*What the task asks*: Once you find the line with "Boardmans Brady Checked" in the entries below, print it and each line after it up to and including the line with "Deck Cadet Booklet", exactly, without pictures.

*Data listing*:
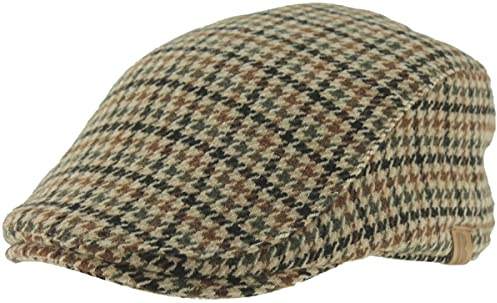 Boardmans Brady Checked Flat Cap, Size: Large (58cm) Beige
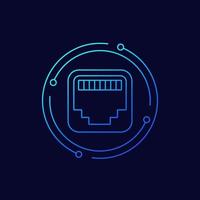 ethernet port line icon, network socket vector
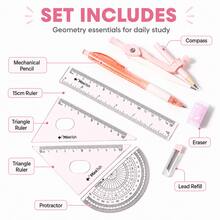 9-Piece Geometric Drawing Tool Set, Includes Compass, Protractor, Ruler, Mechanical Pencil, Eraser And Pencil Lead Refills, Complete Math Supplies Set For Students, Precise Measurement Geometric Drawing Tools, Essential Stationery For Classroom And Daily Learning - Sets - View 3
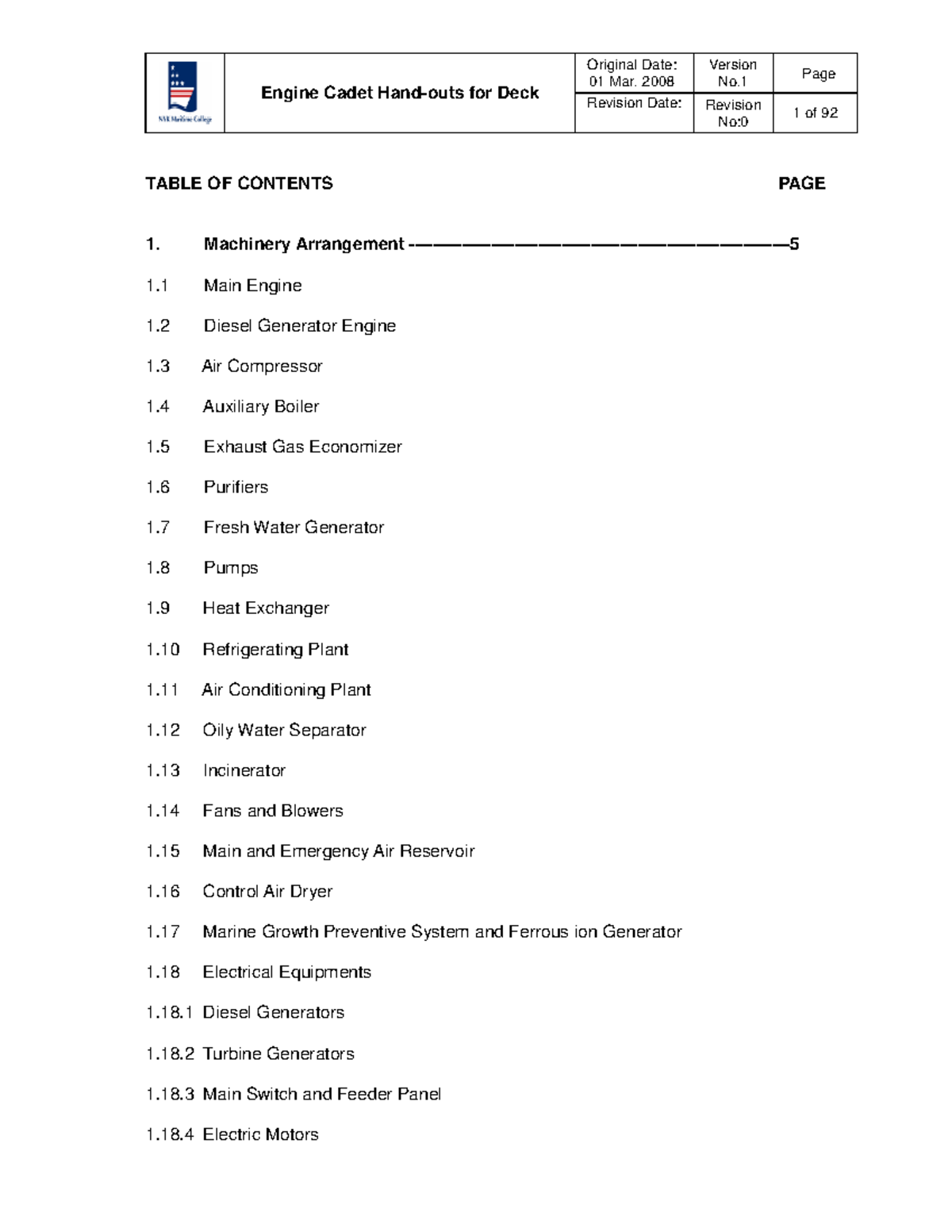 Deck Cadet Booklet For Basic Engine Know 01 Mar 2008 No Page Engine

* * *

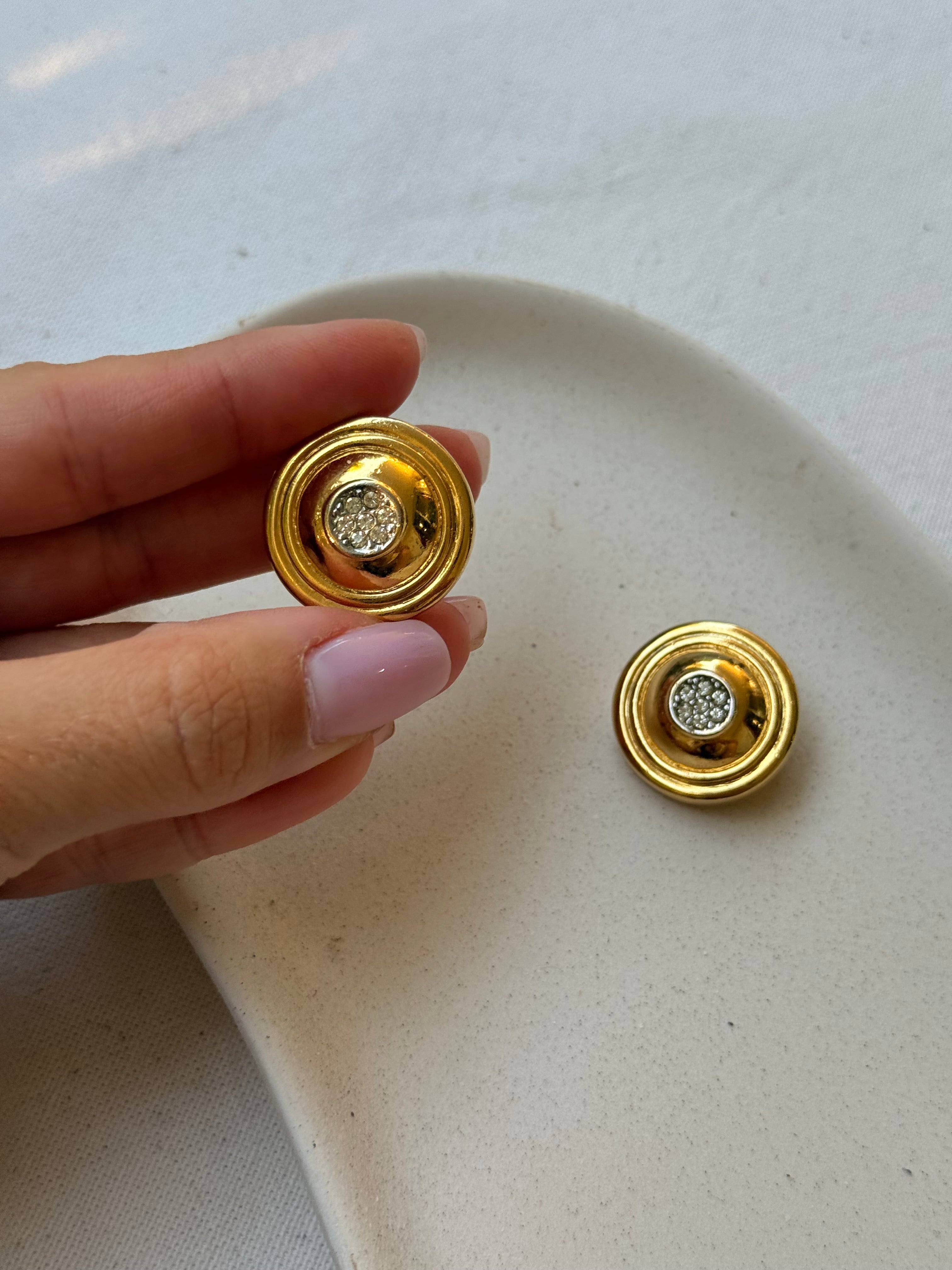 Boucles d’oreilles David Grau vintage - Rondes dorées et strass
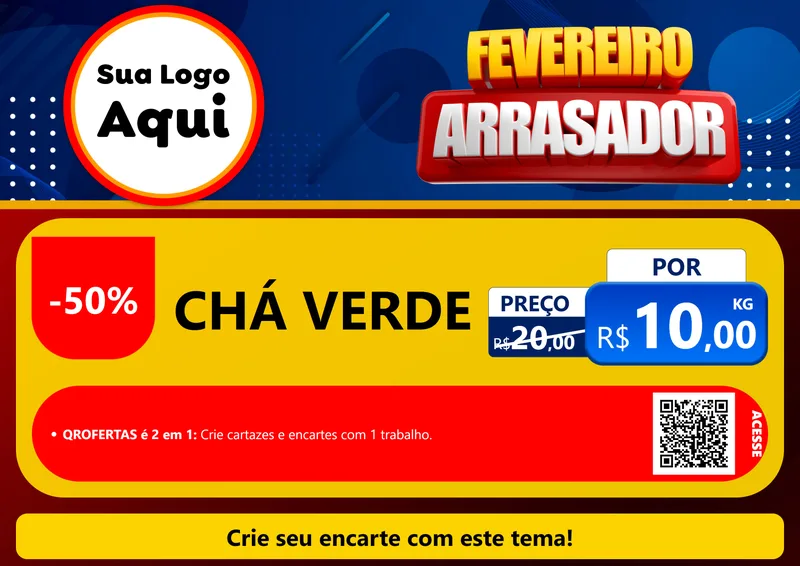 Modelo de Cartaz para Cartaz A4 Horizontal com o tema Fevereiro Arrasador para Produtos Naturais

*Exercise response*:
 Boardmans Brady Checked Flat Cap, Size: Large (58cm) Beige
 ethernet port line icon, network socket vector
 9-Piece Geometric Drawing Tool Set, Includes Compass, Protractor, Ruler, Mechanical Pencil, Eraser And Pencil Lead Refills, Complete Math Supplies Set For Students, Precise Measurement Geometric Drawing Tools, Essential Stationery For Classroom And Daily Learning - Sets - View 3
 Deck Cadet Booklet For Basic Engine Know 01 Mar 2008 No Page Engine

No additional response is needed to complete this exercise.